Linda Thor Chancellor Foothill DeAnza Community College District and Joint Venture board member

By Duffy Jennings | Published: September 2010

Linda Thor has a confession to make.

“I was bored to death in high school,” says the new chancellor of the Foothill-DeAnza Community College District. “I was a good student, but I did not want to go to college.”

At the time, Thor thought she would have been just as happy keeping her summer job tallying bus ticket receipts in the accounting office at the Los Angeles Greyhound depot.

“It was a union job, and as an 18-year-old I thought I was making a fortune,” Thor recalled the other day. “At the end of the summer, I didn’t want to leave.”

“But my mother, who had a huge influence on my life, made me a deal. She said if I went to college for one year and absolutely hated it, I could drop out and she would never bring it up again.

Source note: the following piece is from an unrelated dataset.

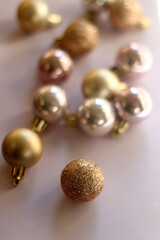 Christmas baubles in gold and pink tones. Selective focus, pink background.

So I went – and I have been going back every day of my life since.”

Indeed, Thor found her passion for higher learning at Pepperdine University and turned it into a lifelong, successful and meaningful career as the president of two community colleges and now as a district chancellor.

Last February, Thor left her twenty-year presidency at Rio Salado College in Arizona for the Foothill-DeAnza post when longtime chancellor Martha Kanter departed to become Assistant Secretary of Education in the Obama Administration.

“One trustee recently commented, ’You have big shoes to fill,’” Thor said. “But based on my early performance, she added, ‘fortunately, you have big feet.’ I think it was compliment,” she says with a hearty laugh.

“We are extremely impressed with her leadership skills, high energy and commitment to students,” said Bruce Swenson, president of the Foothill-DeAnza district board of trustees. “People warm up to her immediately and want to work with her.”

“We are extremely impressed with her leadership skills, high energy and commitment to students,” said Bruce Swenson, president of the Foothill-DeAnza district board of trustees. “People warm up to her immediately and want to work with her.”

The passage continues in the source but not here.